US trials show continued promise for two new skin cancer treatments
Two clinical trials presented at the largest annual cancer conference have raised hopes for new drugs designed to treat malignant melanoma, the most serious form of skin cancer.
The first was a Phase III trial of an immunotherapy drug - treatment that harnesses the power of the immune system to fight cancer. The trial found that previously untreated patients with advanced skin cancer who were given a combination of the immunotherapy drug ipilimumab and the chemotherapy drug dacarbazine lived longer than those who were only given dacarbazine.
The study, which was presented at the annual meeting of the American Society of Clinical Oncology, is the first to show that a combination of immunotherapy and chemotherapy is safe and effective in patients with advanced melanoma.
Researchers recruited 502 patients for the trial - half were given ipilimumab and dacarbazine, while the others took dacarbazine and a placebo (dummy treatment).
They found that patients who received ipilimumab lived for an average of 11.2 months, compared with 9.1 months for those only taking dacarbazine.
After one year, almost half of the patients (47.3 per cent) who took the combination of drugs were still alive, compared with 36.3 per cent of those on dacarbazine alone.
And, after three years, the overall survival rate was 20.8 per cent for the two drugs, compared with 12.2 per cent for dacarbazine alone.
Lead author Dr Jedd Wolchok, director of immunotherapy clinical trials and associate attending physician at Memorial Sloan-Kettering Cancer Centre in New York, said: "This trial's three-year endpoint is significant. No randomised trial for metastatic melanoma has followed patients for this long, and it demonstrates the durability of this survival benefit, now out to three years in this population, and even four years in some cases.
"It's one of the advantages of immunotherapy. The immune system is a 'living drug', able to adapt itself to changes in the tumour that might otherwise lead to resistance when treated with chemotherapy or a pathway inhibitor."
A second Phase III trial focused on a new treatment called vemurafenib, which is a type of drug called a BRAF inhibitor.
All patients on the trial had advanced melanoma with a specific fault (V600E) in their BRAF gene.
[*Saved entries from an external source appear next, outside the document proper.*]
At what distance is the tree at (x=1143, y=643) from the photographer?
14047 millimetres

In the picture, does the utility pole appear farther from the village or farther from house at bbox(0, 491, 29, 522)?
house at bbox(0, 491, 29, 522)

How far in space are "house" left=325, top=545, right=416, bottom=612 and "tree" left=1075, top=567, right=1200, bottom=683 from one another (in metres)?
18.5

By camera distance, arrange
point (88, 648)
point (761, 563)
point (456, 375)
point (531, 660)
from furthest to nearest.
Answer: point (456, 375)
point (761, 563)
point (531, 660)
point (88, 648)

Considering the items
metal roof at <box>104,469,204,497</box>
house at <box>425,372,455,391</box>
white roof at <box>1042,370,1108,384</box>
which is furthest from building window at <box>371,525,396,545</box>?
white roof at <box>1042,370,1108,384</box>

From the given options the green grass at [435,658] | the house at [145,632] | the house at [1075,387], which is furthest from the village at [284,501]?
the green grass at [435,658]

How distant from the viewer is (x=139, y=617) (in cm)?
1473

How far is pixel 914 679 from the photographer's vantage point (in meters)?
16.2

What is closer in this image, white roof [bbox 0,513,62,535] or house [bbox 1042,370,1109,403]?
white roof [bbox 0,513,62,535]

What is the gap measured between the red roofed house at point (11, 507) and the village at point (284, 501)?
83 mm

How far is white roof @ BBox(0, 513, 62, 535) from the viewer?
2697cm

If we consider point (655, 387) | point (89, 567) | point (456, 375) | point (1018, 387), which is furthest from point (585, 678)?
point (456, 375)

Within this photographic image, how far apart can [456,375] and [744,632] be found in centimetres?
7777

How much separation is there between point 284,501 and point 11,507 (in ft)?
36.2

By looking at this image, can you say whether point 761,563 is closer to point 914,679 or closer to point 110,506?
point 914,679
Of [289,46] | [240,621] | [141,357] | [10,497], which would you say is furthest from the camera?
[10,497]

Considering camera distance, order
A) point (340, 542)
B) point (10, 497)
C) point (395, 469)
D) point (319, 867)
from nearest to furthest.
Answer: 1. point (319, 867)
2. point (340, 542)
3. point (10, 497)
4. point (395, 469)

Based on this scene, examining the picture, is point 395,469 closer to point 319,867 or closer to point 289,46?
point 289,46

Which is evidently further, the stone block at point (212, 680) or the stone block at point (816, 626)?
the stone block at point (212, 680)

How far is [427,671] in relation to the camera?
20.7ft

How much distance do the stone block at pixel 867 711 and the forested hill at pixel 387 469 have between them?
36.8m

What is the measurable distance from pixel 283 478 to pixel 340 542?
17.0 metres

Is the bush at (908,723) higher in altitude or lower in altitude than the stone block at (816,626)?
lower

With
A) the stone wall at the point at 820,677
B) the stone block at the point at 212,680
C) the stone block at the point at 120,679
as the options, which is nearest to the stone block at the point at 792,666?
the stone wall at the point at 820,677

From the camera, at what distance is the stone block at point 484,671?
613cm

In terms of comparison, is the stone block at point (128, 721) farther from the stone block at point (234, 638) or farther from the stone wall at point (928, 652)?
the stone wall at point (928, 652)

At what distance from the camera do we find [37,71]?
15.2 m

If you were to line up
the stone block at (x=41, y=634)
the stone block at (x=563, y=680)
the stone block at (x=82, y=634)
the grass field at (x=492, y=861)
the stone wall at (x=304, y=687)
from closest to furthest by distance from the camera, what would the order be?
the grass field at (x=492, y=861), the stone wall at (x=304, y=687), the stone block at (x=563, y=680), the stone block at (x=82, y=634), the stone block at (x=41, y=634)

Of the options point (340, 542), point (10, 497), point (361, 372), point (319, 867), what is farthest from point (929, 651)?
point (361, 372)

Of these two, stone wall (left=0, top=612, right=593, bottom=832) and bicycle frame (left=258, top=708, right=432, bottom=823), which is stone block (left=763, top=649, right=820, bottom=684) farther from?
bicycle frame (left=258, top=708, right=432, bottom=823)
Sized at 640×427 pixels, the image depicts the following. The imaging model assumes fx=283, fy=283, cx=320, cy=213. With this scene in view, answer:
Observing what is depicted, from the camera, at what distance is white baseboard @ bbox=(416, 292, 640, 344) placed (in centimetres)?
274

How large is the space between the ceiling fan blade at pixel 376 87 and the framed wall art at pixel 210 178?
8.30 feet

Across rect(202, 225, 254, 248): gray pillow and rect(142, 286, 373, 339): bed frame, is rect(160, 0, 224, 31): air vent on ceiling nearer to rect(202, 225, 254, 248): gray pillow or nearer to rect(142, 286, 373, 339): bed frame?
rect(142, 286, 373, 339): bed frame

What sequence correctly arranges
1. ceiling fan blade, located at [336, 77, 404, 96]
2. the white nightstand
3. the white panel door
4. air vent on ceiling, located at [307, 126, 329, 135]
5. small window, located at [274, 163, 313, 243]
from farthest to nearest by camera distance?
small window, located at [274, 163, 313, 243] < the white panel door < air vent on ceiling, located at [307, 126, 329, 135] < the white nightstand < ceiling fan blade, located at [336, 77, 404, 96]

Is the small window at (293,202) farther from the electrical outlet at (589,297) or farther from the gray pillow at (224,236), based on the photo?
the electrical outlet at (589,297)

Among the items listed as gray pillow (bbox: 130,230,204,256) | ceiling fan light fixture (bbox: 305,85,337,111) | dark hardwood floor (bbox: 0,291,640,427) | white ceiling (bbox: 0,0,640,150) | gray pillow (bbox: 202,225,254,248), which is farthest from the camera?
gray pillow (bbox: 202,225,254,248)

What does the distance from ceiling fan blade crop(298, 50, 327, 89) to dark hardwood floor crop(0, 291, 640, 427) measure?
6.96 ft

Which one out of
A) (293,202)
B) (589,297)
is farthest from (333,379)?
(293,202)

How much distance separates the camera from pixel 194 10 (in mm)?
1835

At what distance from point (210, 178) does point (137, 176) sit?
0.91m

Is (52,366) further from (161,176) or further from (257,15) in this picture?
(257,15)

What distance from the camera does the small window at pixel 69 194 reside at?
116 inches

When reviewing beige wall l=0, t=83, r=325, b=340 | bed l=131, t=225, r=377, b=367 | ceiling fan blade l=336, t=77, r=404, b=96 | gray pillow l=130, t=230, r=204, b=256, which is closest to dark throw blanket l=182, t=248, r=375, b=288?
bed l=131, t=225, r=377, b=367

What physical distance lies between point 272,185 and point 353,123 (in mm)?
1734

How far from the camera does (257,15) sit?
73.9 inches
Vemurafenib is designed to target this specific fault, which is not found in healthy cells.
Half of the 675 patients were given vemurafenib, while the other half received dacarbazine.
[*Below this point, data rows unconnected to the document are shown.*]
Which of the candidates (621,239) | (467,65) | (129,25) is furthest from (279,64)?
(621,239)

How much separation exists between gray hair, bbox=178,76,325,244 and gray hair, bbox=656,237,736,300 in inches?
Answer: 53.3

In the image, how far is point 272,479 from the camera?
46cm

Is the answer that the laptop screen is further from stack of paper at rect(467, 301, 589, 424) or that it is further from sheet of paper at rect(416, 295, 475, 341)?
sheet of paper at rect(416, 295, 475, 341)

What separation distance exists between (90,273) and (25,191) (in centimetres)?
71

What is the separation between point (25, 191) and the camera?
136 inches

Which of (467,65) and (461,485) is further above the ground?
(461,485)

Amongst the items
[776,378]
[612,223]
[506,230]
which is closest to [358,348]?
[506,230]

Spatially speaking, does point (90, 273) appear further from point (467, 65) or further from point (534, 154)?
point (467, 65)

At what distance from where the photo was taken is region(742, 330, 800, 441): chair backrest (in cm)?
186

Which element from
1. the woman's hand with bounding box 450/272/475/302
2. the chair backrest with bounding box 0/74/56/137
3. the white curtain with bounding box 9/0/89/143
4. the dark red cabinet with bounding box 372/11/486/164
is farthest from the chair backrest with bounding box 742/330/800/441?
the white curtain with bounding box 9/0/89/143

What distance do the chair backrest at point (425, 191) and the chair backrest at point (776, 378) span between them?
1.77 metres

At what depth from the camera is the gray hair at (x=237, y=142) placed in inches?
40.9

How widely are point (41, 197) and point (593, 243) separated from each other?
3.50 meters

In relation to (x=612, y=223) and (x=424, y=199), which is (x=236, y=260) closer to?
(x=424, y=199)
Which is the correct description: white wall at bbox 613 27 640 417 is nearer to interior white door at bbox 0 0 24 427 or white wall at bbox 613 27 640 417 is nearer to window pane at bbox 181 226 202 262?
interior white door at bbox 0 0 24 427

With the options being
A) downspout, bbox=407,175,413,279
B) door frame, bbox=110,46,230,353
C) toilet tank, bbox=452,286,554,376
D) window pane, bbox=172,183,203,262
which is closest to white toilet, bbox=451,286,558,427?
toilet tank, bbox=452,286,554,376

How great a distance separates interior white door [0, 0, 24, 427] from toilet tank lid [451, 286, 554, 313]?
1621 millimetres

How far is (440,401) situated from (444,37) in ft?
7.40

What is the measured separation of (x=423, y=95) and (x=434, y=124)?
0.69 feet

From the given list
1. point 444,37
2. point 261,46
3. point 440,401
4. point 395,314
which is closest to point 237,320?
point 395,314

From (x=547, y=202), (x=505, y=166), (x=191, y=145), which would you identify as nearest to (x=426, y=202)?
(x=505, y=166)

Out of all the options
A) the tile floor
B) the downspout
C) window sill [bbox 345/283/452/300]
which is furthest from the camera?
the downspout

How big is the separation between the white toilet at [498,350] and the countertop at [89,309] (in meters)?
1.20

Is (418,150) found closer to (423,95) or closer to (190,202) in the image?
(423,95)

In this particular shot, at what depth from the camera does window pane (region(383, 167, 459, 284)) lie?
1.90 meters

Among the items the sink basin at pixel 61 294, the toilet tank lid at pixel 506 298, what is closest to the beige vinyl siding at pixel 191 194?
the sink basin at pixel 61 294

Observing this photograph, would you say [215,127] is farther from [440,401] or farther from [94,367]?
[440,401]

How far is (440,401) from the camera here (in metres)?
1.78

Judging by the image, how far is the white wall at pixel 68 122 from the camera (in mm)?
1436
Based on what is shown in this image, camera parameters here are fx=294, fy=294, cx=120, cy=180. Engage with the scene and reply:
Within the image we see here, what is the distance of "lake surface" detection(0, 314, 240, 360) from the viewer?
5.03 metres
After six months, 84 per cent of vemurafenib users were still alive, compared with 64 per cent of patients in the dacarbazine group.
An early analysis revealed that vemurafenib was associated with a 63 per cent reduction in the risk of dying, compared with dacarbazine, as well as a 74 per cent reduction in the risk of disease progression (or death). And, as these results were so promising, patients who had initially been taking dacarbazine were advised to switch to vemurafenib.
Lead author Dr Paul Chapman, attending physician at Memorial Sloan-Kettering Cancer Centre, said: "This is a really huge step toward personalised care in melanoma.
"This is the first successful melanoma treatment tailored to patients who carry a specific gene mutation in their tumour, and could eventually become one of only two drugs available that improves overall survival in advanced cancers."
Professor Peter Johnson, Cancer Research UK's chief clinician, said: "For the first time, we have effective treatments becoming available for melanoma. Vemurafenib, which targets a molecular abnormality in the melanoma cells, and ipilimumab, which allows the body's immune system to attack them freely.
"Both show how the research we have been doing is feeding through into help for patients. It is a first step but a vitally important one, and it encourages us to redouble our efforts for people with this most dangerous type of skin cancer."